Even stripping everything out but plaintext with an HTML parser to put it in a text view, I realized I could wrap the links with native Cocoa labels that act as hyperlinks. And then do the same with images. Hmm, what about tables and stuff? Soon I realized, why would I even want this? It's annoying to visit the origin site when the RSS reader can just render it, and it kinda defeats the purpose.
It's a feature-rich RSS reader that runs completely in the terminal, presenting text-only views of each RSS feed.
The links open in the browser of your choice (which for me is a text-only version of emacs-w3m, which I also run exclusively in the terminal).
However, some RSS items can be read in their entirety within the RSS reader, and does not require the opening of any links. This is my preferred method of consuming RSS.
 - https://newsboat.org/
 - https://github.com/newsboat/newsboat
 - ie. those RSS items for which the author has chosen to make their entire article/post available over RSS instead of merely posting a teaser and requiring browsing to their website to read the rest
I highly recommend it.
You probably just want to run code on each new item in the feed.
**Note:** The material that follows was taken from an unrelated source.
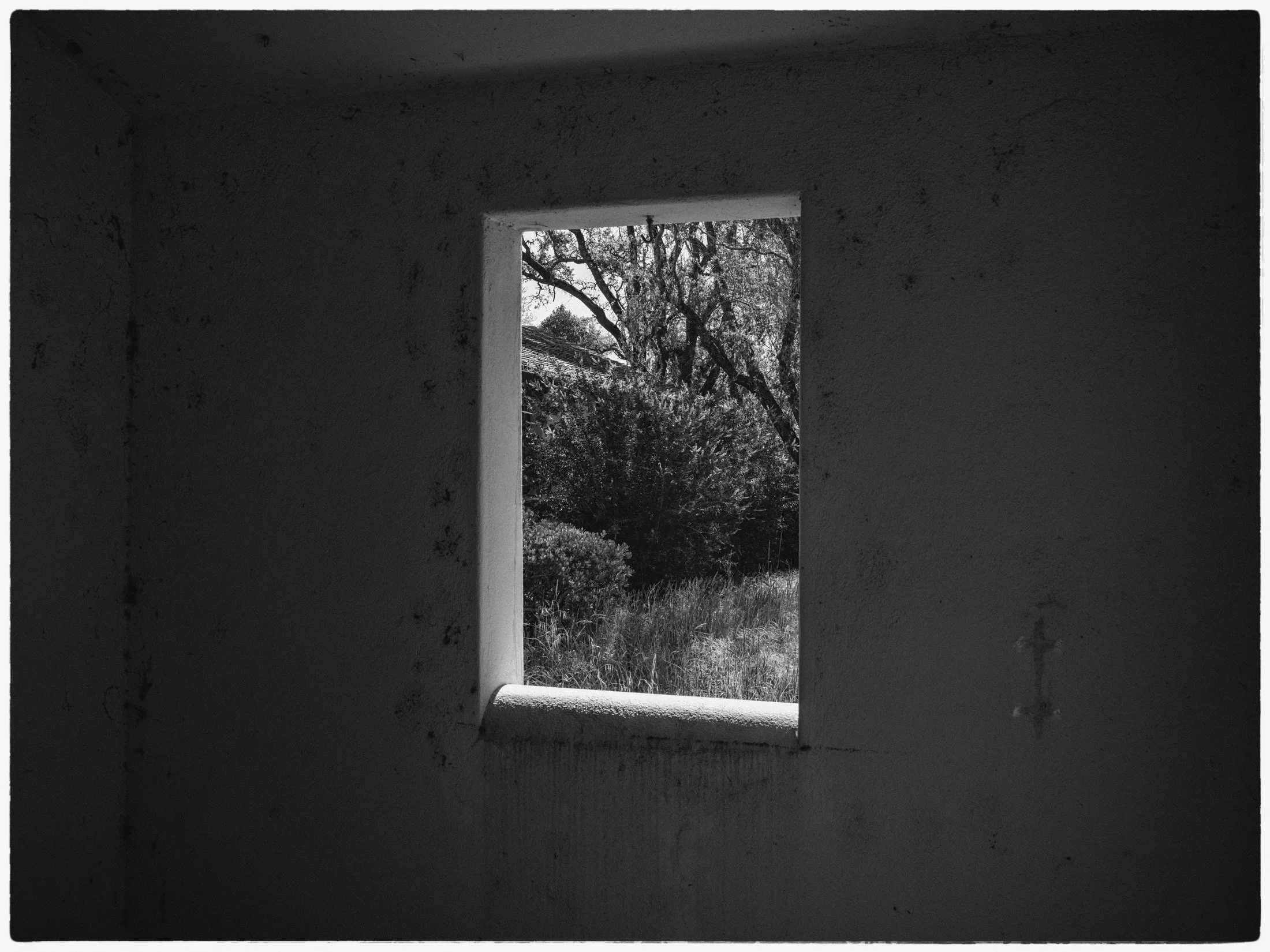 Window. Building #4. Sonoma. Spring 2026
Pipedream lets you treat an RSS feed as an event source. Pipedream runs the code to poll the feed, emitting new items as the feed produces them.
RSS for Hackers - https://rss.pipedream.com
# in a bash script called by cron every handful of hours there are many, many lines like this:
perl twitter_user_to_rss.pl gnuradio > ~/limbo/www/rss/gnuradio.xml
perl twitter_search_to_rss_wtf.pl "rtlsdr" > ~/limbo/www/rss/rtlsdr.xml
1. You get a personalized view of what you have and have not read.
2. You can scan over a lot of posts very quickly, and pick out what you want to read.
3. You can aggregate a lot of different websites in a single place. No need to visit each website individually.
4. Increased privacy.
5. Less tracking.
6. Increased control.
7. Fewer ads.
Probably more reasons, but these are the primary reasons why I still prefer RSS.
I'd say 95% of my content discovery comes from RSS; the few sites that don't tend to be high volume sites - like news - where I get value from visiting the home page to see how editors have prioritised stories.